Where is the salary growth the hottest for college grads? PayScale's analysis of the 100 largest market areas in the country identified the best and worst cities for salary growth for those with a degree. Also listed is the median, annual salary growth percentage over the last three years in each area.
Best Markets for Salary Growth
1. Honolulu, Hi. Hawaii's median wage back in 2007 was lower than the national average of $55,000, so employers here may be playing catch-up, notes Al Lee, director of quantitative analysis at PayScale. The city also hosts major military facilities, and is home to two universities which together employ more than 23,000, Hoovers reports. ($55,800, +15%) "Universities provide stable pay and employment," says Lee.
2. Allentown-Bethlehem-Easton, Penn.-NJ. If you've still got that old Billy Joel song in your head about rust-belt hard times in Allentown, forget it. These days, Lee says, this region is a bustling center for healthcare services, one of the few industries that has kept growing right through the downturn. ($58,700, +15%)
3. El Paso, Texas. Two words: border patrol. "National defense is huge here," says Lee, "and healthcare is strong." The area's lower-than-average wage may have been ripe for an upward swing, too. ($49,000, +14%)
4. San Francisco-Oakland-Fremont, Calif. The Bay Area was a high-paying market to start with, notes Lee McPheters, director of the Economic Outlook Center at Arizona State University. Hiring highly-skilled workers away from local competitors requires a salary bump, and recruiting from across the country demands high pay to coax hires west. The region is strong in healthcare, too, an industry where unemployment rates are low – 3.2 percent currently for hospital workers – and labor shortages tend to drive up wages. ($73,800, +14%)
5. Virginia Beach-Norfolk-Newport News, Va.-NC. As in El Paso, military bases are a major employer here, with well-paid jobs for officers, pilots, nuclear engineers, and intelligence analysts. ($51,900, +14%)
Worst Markets for Salary Growth
1. Harrisburg-Carlisle, Penn. Here, budget cuts in the state capitol of Harrisburg led to 800 layoffs last year, and more are planned. Add in dwindling manufacturing output and more layoffs, and wages start to shrink. ($49,900, -4%)
2. Portland-Vancouver-Beaverton, Ore.-Wash. Slower computer sales is the likely culprit here, depressing wages for tech professionals. Big area employers such as Intel scaled back last year and are just starting to recover. ($57,100, -1%)

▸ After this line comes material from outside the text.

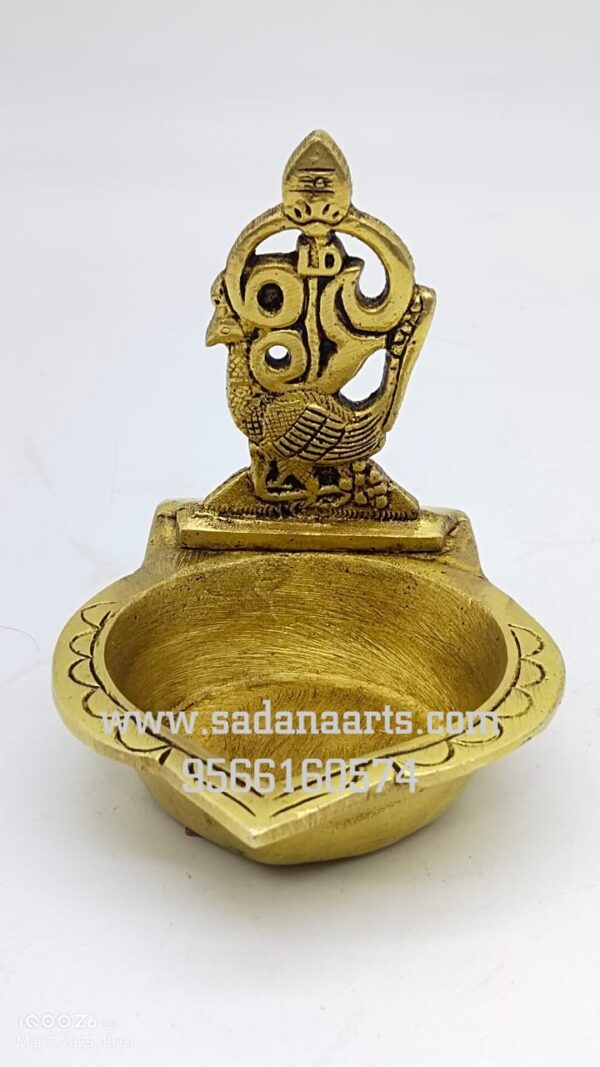 vel deepam with peacock in brass - Image 2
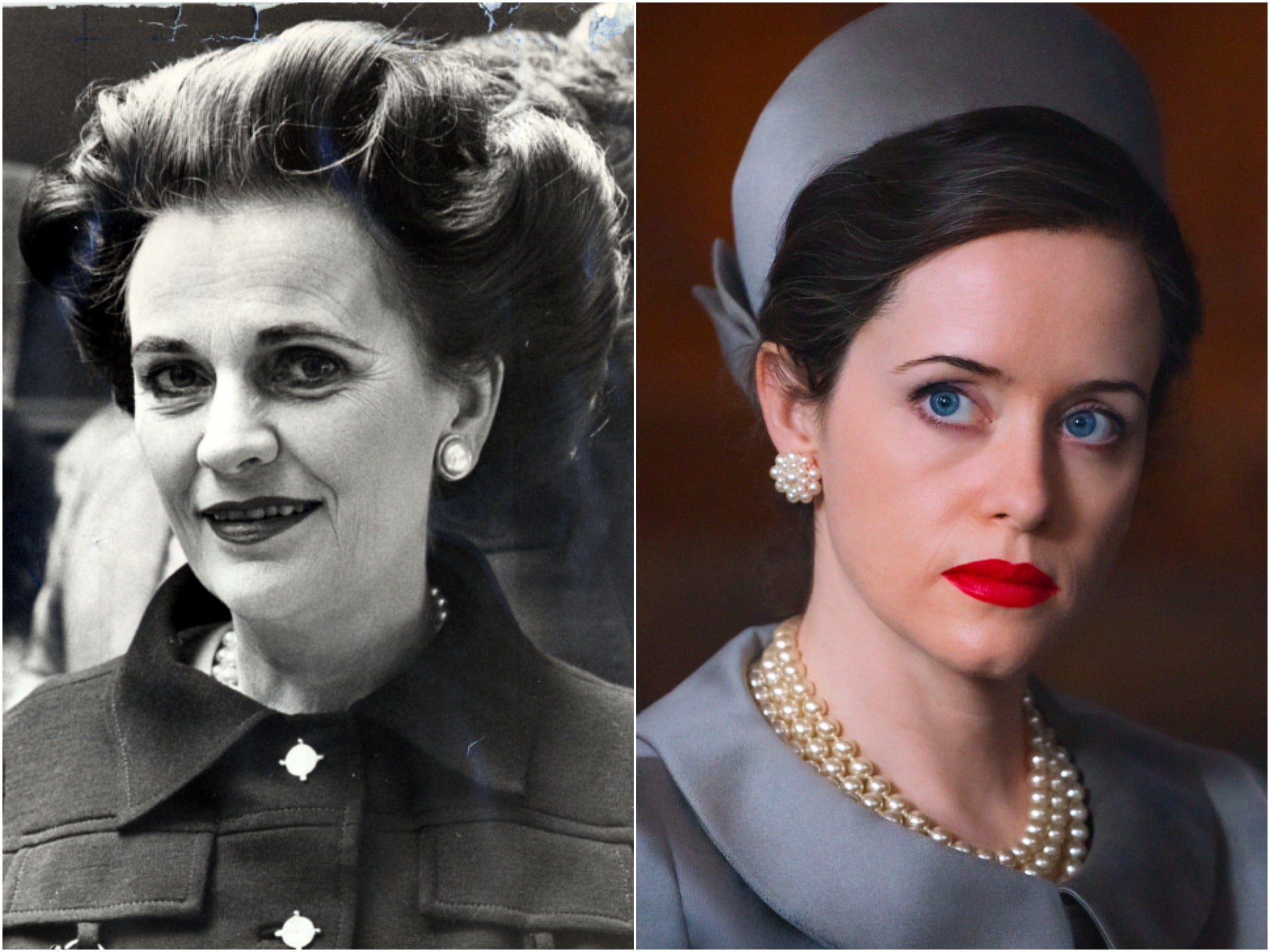 The Duchess of Argyll and Claire Foy, who is portraying her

3. Springfield, Mass. Here, Lee says, there's simply no strong driver to bring wage growth. Social workers were the top-paid professionals, PayScale's research shows. ($49,700, -1%)
4. Youngstown-Warren-Boardman, Ohio-Penn. This region is strong in auto-industry related businesses, such as automotive parts makers. "There's still a ripple effect out there from the auto industry," says Lee. ($44,200, -1%)
5. Detroit-Warren-Livonia, Mich. You probably know the story here – slowed automotive sales have led to layoffs of trained workers such as engineers. ($59,500, -1%)
Business writer Carol Tice is a regular contributor to Entrepreneur, The Seattle Times and other major publications. Contact her at caroltice.com
Source: All salary data is from PayScale.com. The salaries listed are median, annual salaries for full-time workers with 5-8 years of experience and include any bonuses, commissions or profit sharing. Growth rankings track three-year median pay trends from 2007-2010.